Good painting is a result of effort to obtain order, and the order must go to all the sides of the canvas. Thus serene dignity, static repose, vitality, action, variety and the various states of life can be suggested.

Moonsets

In America, or in any country, greatness in art will not be attained by the possession of canvases in palatial museums, by the purchase and bodily owning of art. The greatness can only come by the art spirit entering into the very life of the people, not as a thing apart, but as the greatest essential of life to each one. It is to make every life productive of light—a spiritual influence. It is to enter government and the whole material existence as the essential influence, and it alone will keep government straight, end wars and strife; do away with material greed.

What you need is to free yourself from your own preconceived ideas about yourself. It will take a revolution to do it, and many times you will think yourself on the road only to find that the old habit has possessed you again with a new preconception. But if you can at least to a degree free yourself, take your head off your heart and give the latter a chance, something may come of it. The results will not be what you expect, but they will be like you and will be the best that can come from you. There will be a lot more pleasure in the doing.

When you have made a sketch, close your box—walk away—then open your box. Maybe you will see that you have deflected from your original idea. What you have painted is not what seized you in the beginning—a vital impulse has been lost—go back and go after that first seizing idea—and refuse to be mastered by material things.

It is a mistake to think that spirituality is seen only through a mist.

There are some painters who deal with the play of light as the most graceful thing that exists.

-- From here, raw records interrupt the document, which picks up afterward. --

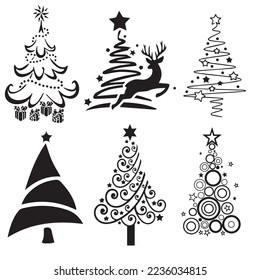 Christmas tree silhouette. Christmas Trees Set.  A set of black Christmas Trees. 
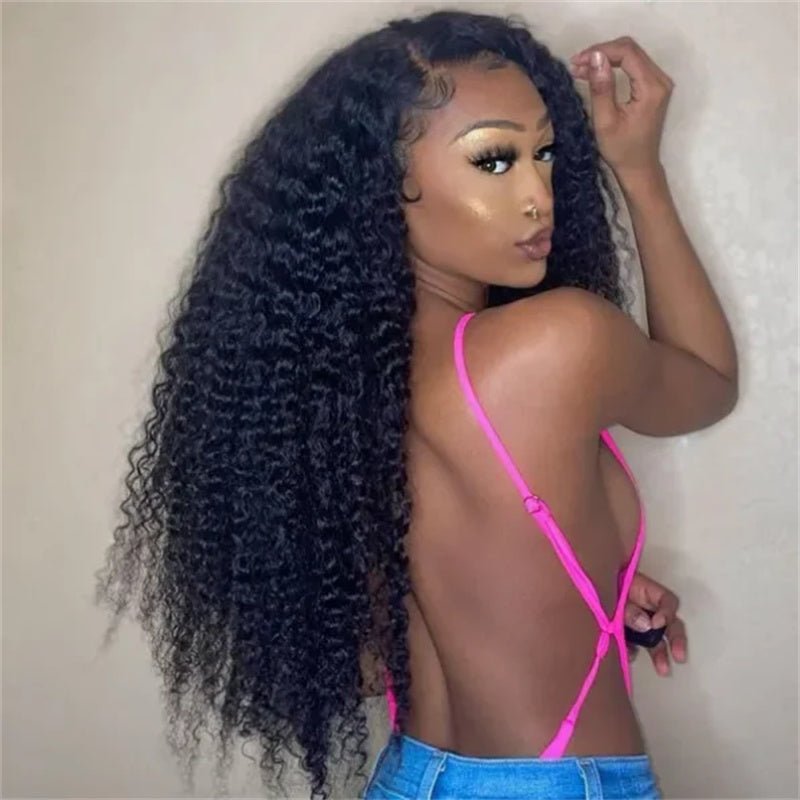 Curly Human Hair Transparent Lace Front Wig 6X6 Lace Closure Wig Pre Plucked For Women 210% Density - Perismoda Hair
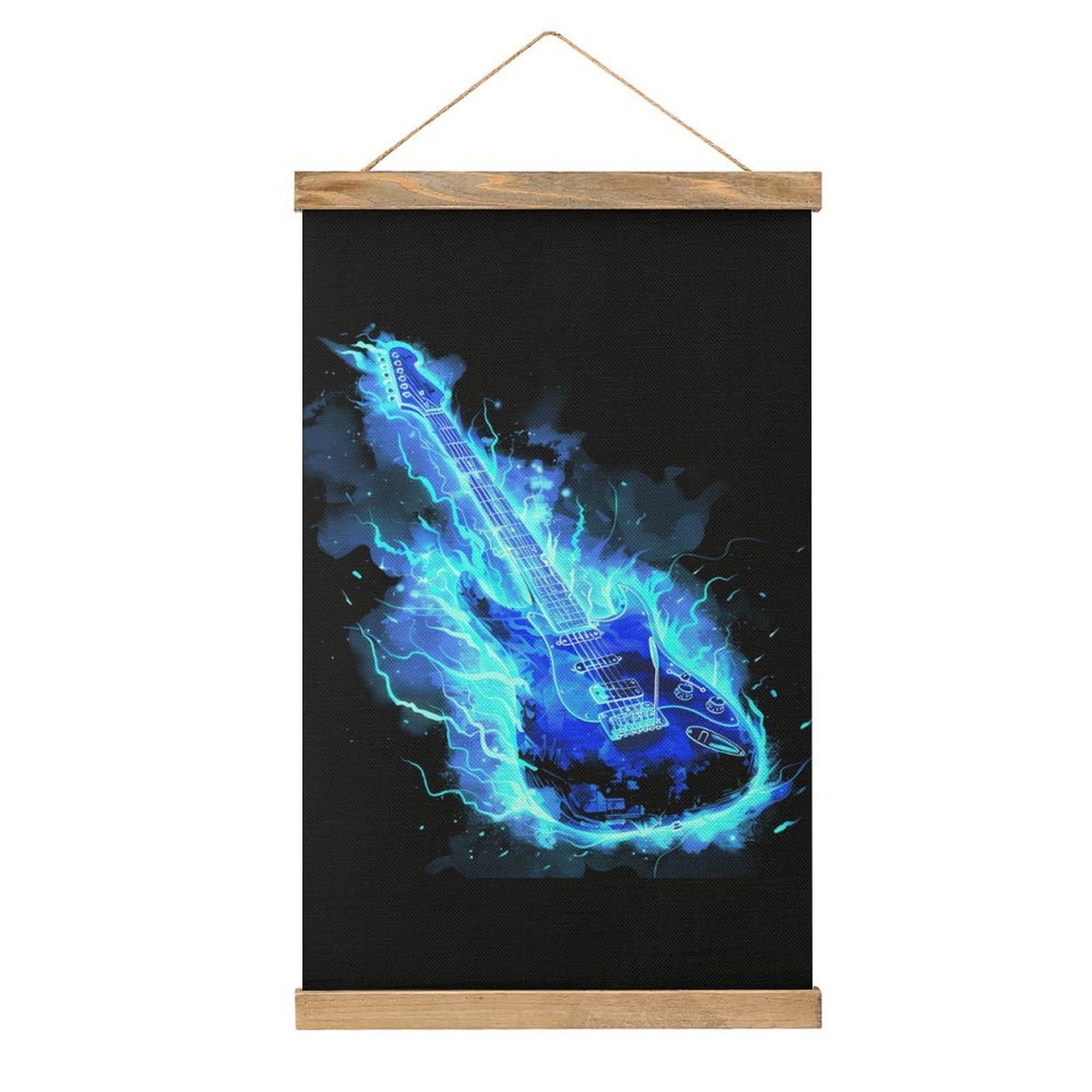 CGSBNGHA Music Blue Electric Guitar Wall Art Prints Linen Hanging Painting Scroll Paintings Pictures Decor for Home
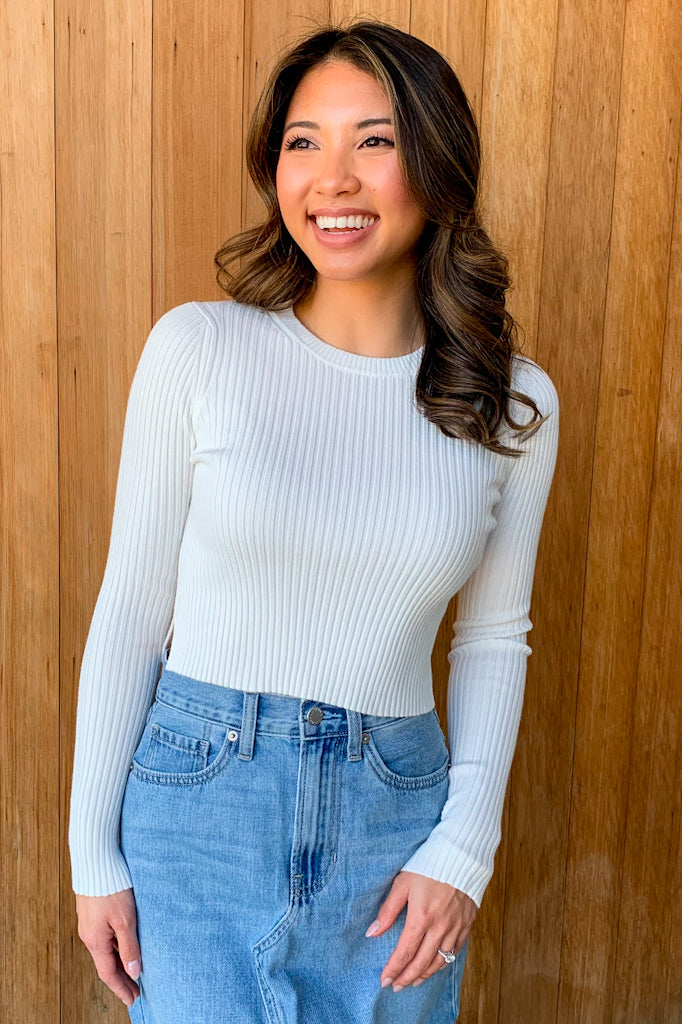 Easy Comfort Ivory Cropped Sweater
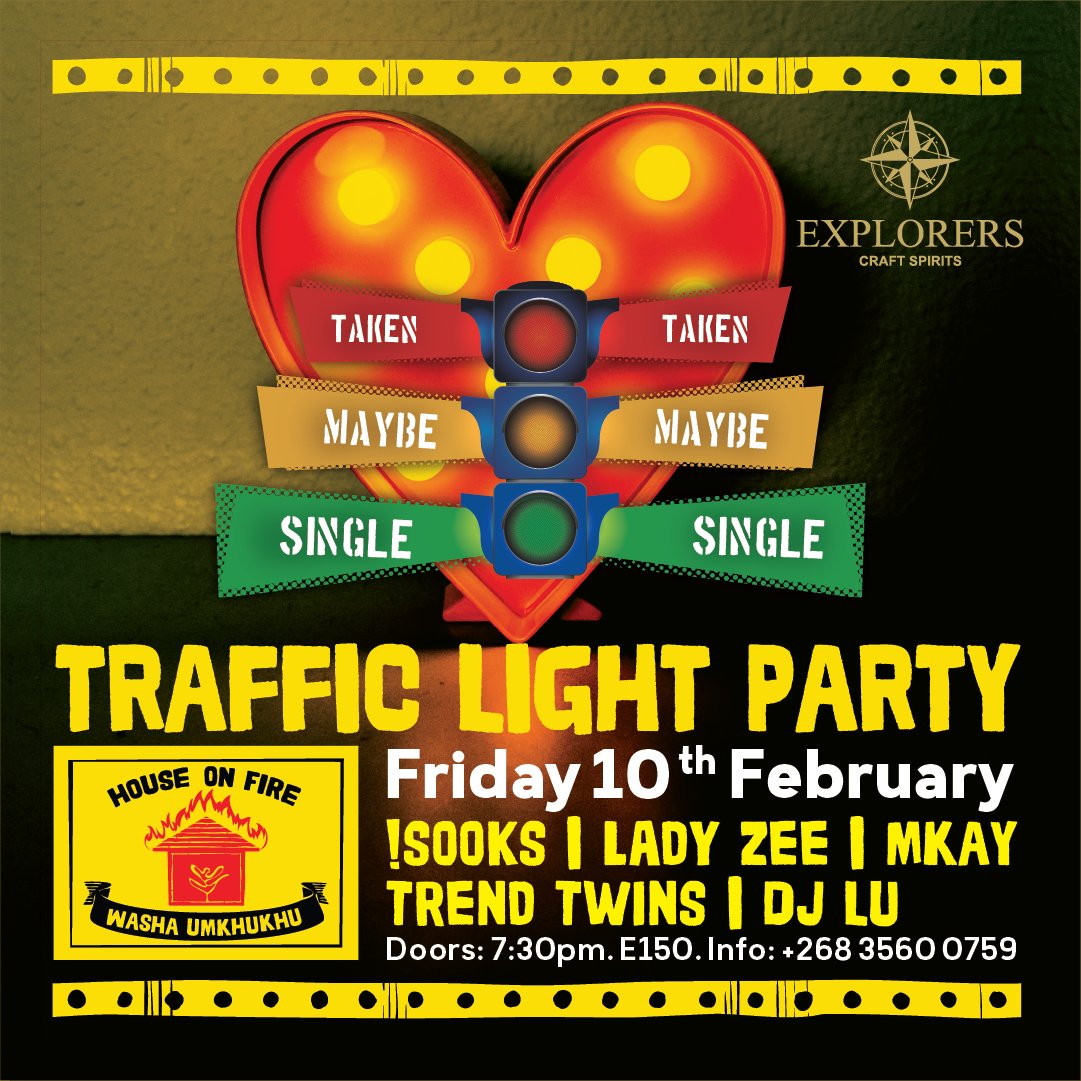 House On Fire (@houseonfiresd) on Twitter photo We're inviting you to the love zone for Eswatini’s iconic Valentine’s Traffic Light Party featuring !Sooks, MKAY, DJ LU, Lady Zee & the TrendTwins.
Doors open: 7:30 PM
Tickets: E150, at Debonairs in Mbabane & Gables
Don’t miss it! 🔥
#TrafficLight2023
#valentines
#houseonfire We're inviting you to the love zone for Eswatini’s iconic Valentine’s Traffic Light Party featuring !Sooks, MKAY, DJ LU, Lady Zee & the TrendTwins.
Doors open: 7:30 PM
Tickets: E150, at Debonairs in Mbabane & Gables
Don’t miss it! 🔥
#TrafficLight2023
#valentines
#houseonfire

The difficulty for us is to know what, or how we see material things, when we are seeing beyond material thing. If we could only know what we see, and paint what we see!

After all, the goal is not making art. It is living a life. Those who live their lives will leave the stuff that is really art. Art is a result. It is the trace of those who have led their lives.

The great revolution in the world which is to equalize opportunity, bring peace and freedom, must be a spiritual revolution. A new will must come. This will is a very personal thing in each one.

No line or form or color must change until you are compelled by the necessity of the structure you are making to change it.

Your questions are, “What is essential?” and “How shall the greatest economy be practiced?”

One of the curses of art is “Art.” This filling up of things with “decoration,” with by-play, to make them “beautiful.”

When we have attained a sense of the relative value of thing, we will need fewer things.

It takes a tremendous amount of courage to be young, to continue growing—not to settle and accept.

The most beautiful life possible, wherein there is no sordidness, is only attainable by effort. To be free, to be happy and fruitful, can only be attained through sacrifice of many common but overestimated things.”